*WHAT NEEDS TO BE DONE:* Please repeat only the lines below starting at the line that holds "Everyuth Naturals Tulsi" and ending at the line that holds "hamster with heart emoji", exactly, with both of those lines included and every picture omitted.

#### SUPPLIED RECORDS ####

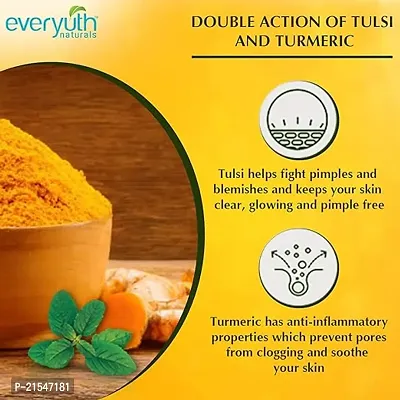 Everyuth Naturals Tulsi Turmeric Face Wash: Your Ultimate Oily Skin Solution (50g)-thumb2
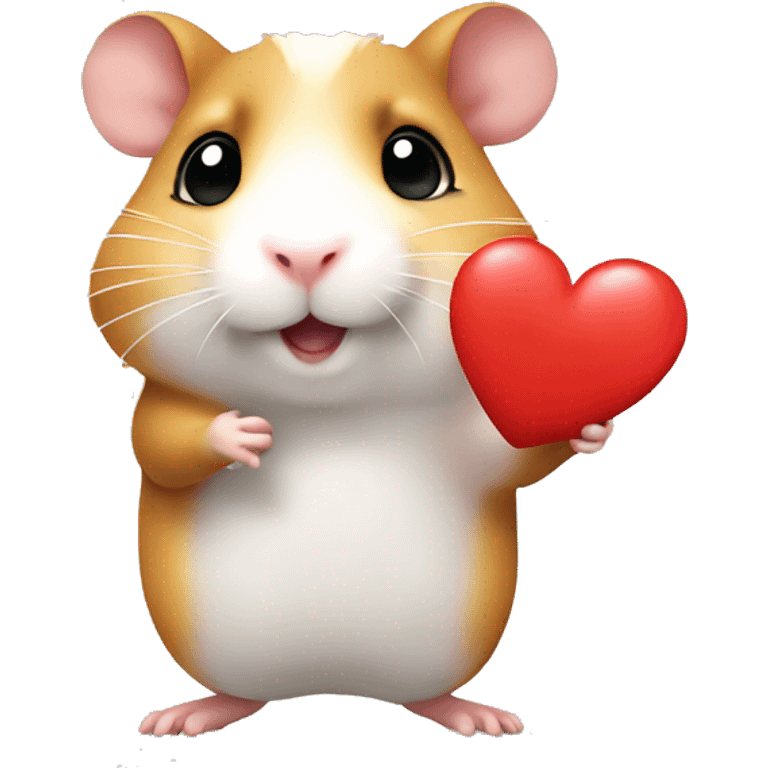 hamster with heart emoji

####
#### SUPPLIED RECORDS ####

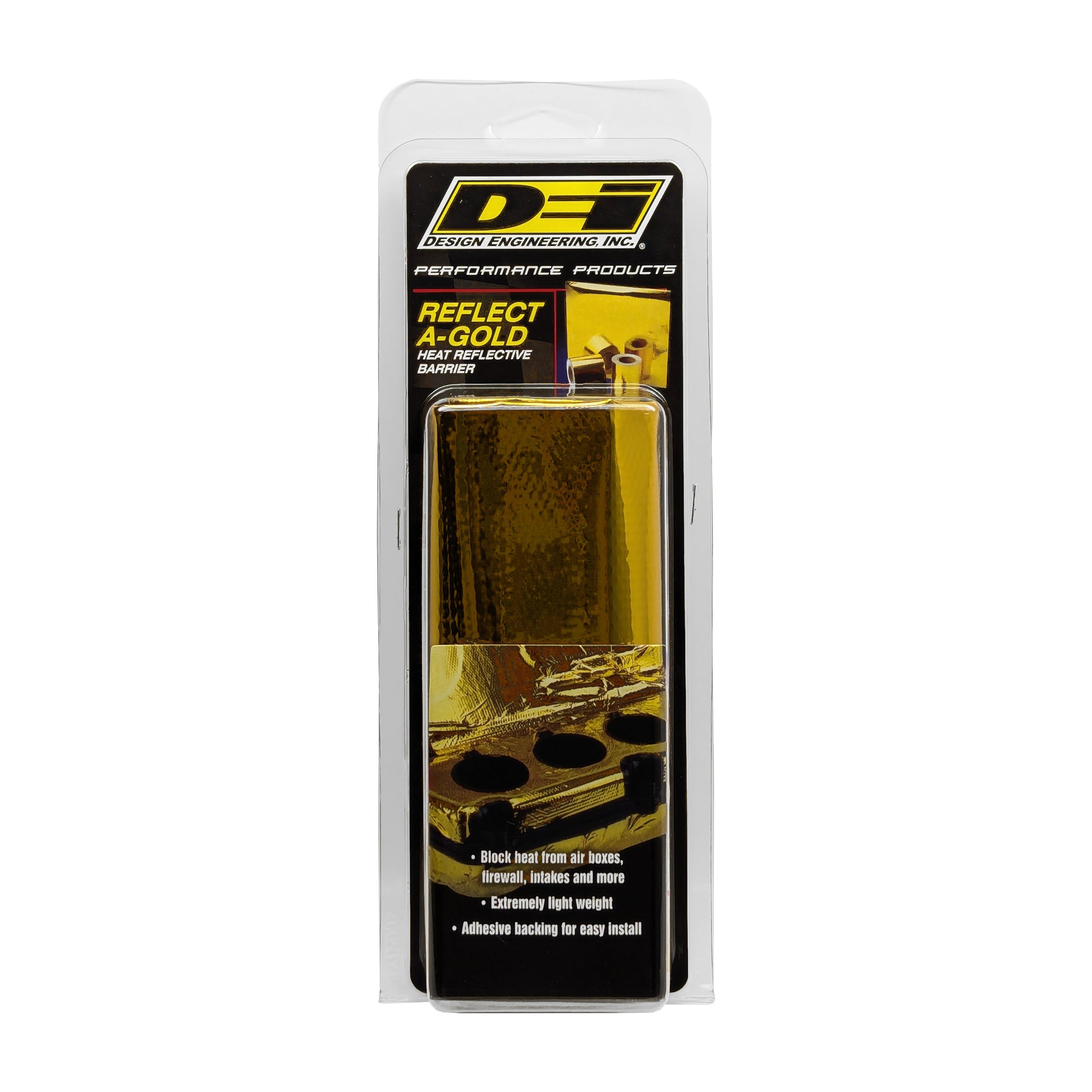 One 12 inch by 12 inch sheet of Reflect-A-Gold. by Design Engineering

####

*RESULT FOR THIS EXERCISE:*
 Everyuth Naturals Tulsi Turmeric Face Wash: Your Ultimate Oily Skin Solution (50g)-thumb2
 hamster with heart emoji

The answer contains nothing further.